There is a persistent myth circulating in South African startup circles: that POPIA — the Protection of Personal Information Act — effectively prohibits cold outbound sales. Founders pause campaigns, SDRs second-guess sequences, and sales teams waste months waiting for legal sign-off that never quite arrives. All of it is based on a misreading of what the Act actually says.
POPIA does not ban outbound sales. What it does do is set clear, enforceable rules around how personal information can be processed, stored, and acted upon. Understanding those rules is not optional for any South African startup doing outbound — but understanding them also reveals a practical, compliant path forward.
The legitimate interest basis: your legal foundation
Section 11 of POPIA lists the conditions under which personal information may be processed. Condition 4 — legitimate interest — is the one that makes B2B outbound sales lawful. It states that you may process personal information if it is necessary for pursuing the legitimate interests of the responsible party or a third party, provided those interests are not overridden by the data subject’s rights.
In plain English: if you have a genuine, proportionate business reason to contact a prospect, and that reason is relevant to their role and circumstances, POPIA permits it.

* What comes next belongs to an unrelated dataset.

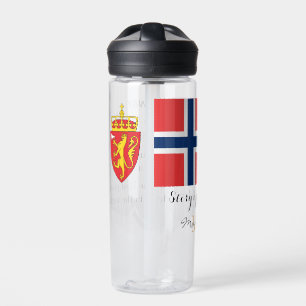 NORWAY - monogrammed, Fun Text, Norwegian flag Water Bottle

A SaaS founder contacting a CFO about a relevant financial automation tool has a legitimate interest basis. A lead generation company selling irrelevant consumer offers to a recycled list does not.
POPIA’s legitimate interest condition (Section 11(1)(f)) is the standard legal basis for B2B outbound sales in South Africa — the same framework used for outbound across GDPR-regulated European markets.
The three practical requirements that flow from this are non-negotiable. Most outbound tools get all three wrong.
The 3 things you must do
-
01
Log consent signals and sourcing records Every contact you reach out to needs a documented sourcing record: where the data came from, when it was collected, on what legal basis it was obtained, and what the intended use is. This is not a once-off exercise. It is a per-contact record that must be retrievable if a data subject or regulator ever asks. If you cannot answer the question “where did you get my details?” with a specific, dated, verifiable answer, you are not compliant.
-
02
Honour unsubscribe requests immediately, with a timestamp When a prospect opts out — whether by replying “unsubscribe”, clicking an unsubscribe link, or explicitly asking to be removed — that request must be honoured immediately, and the timestamp of that action must be recorded. POPIA section 11(3) establishes the data subject’s right to object to processing for marketing purposes. There is no grace period. There is no “we’ll remove you from the next campaign”. The removal is effective immediately, and the record of it is the evidence that it happened.
-
03
Never re-contact suppressed contacts This is the step where most outbound operations fail quietly over time. A contact opts out. They are removed from the current campaign. Six months later, they are imported from a new list, re-enrolled in a sequence, and receive a cold email again. Under POPIA, that second contact is a violation. The suppression list must be permanent, actively applied to every new import, and maintained across the entire responsible party — not just the tool that processed the original opt-out.
What most tools get wrong
The majority of outbound platforms were designed for US or European markets and then sold into South Africa without meaningful modification. The compliance gaps are consistent and predictable.
No suppression management
Most tools maintain a per-campaign unsubscribe list. A contact who opts out of Campaign A is not automatically suppressed from Campaign B, Campaign C, or a future re-import. There is no cross-campaign, cross-workspace suppression layer. This means that compliance depends entirely on the human remembering to check a list before launching — a process that fails at scale.
No consent records
Tools that pull from major lead databases or scraped LinkedIn data typically record nothing about where the data came from. There is no sourcing log, no collection date, no basis statement. If a contact or regulator asks how you obtained their information, the honest answer is “we don’t know” — which is not a defensible position under POPIA.
No POPIA-auditable logs
When a regulator investigation begins, the first thing requested is a log of all processing activities related to the data subject in question: when they were contacted, on what basis, what communications were sent, and when and how they opted out. Most outbound tools produce no such log. The campaign history exists in fragments across an inbox, a CRM, and a sequence tool — none of which were designed to produce a coherent compliance record.
How KIND handles it
POPIA compliance is not a feature in KIND — it is a structural requirement that shapes how every campaign is built and operated.
Every campaign has a POPIA compliance record. When leads are sourced or imported into KIND, the source, collection date, and legitimate interest basis are recorded per contact. This record is attached to the contact permanently, not to the campaign.
Suppression is permanent and timestamped. When a contact opts out through any channel — email reply, unsubscribe link, or manual removal — the suppression is recorded with a precise timestamp and applied across all future campaigns in the workspace. Re-importing that contact from a new list will not override the suppression; it will be flagged and excluded automatically.
Unsubscribes are logged per POPIA section 11. The opt-out record includes the contact identifier, the timestamp, the channel through which the request was received, and the action taken. This record is exportable in a format suitable for regulatory review. If the Information Regulator ever asks, you have an answer.
Running compliant outbound in South Africa is not hard. It is just precise. And precision is exactly what most outbound tools were not built for.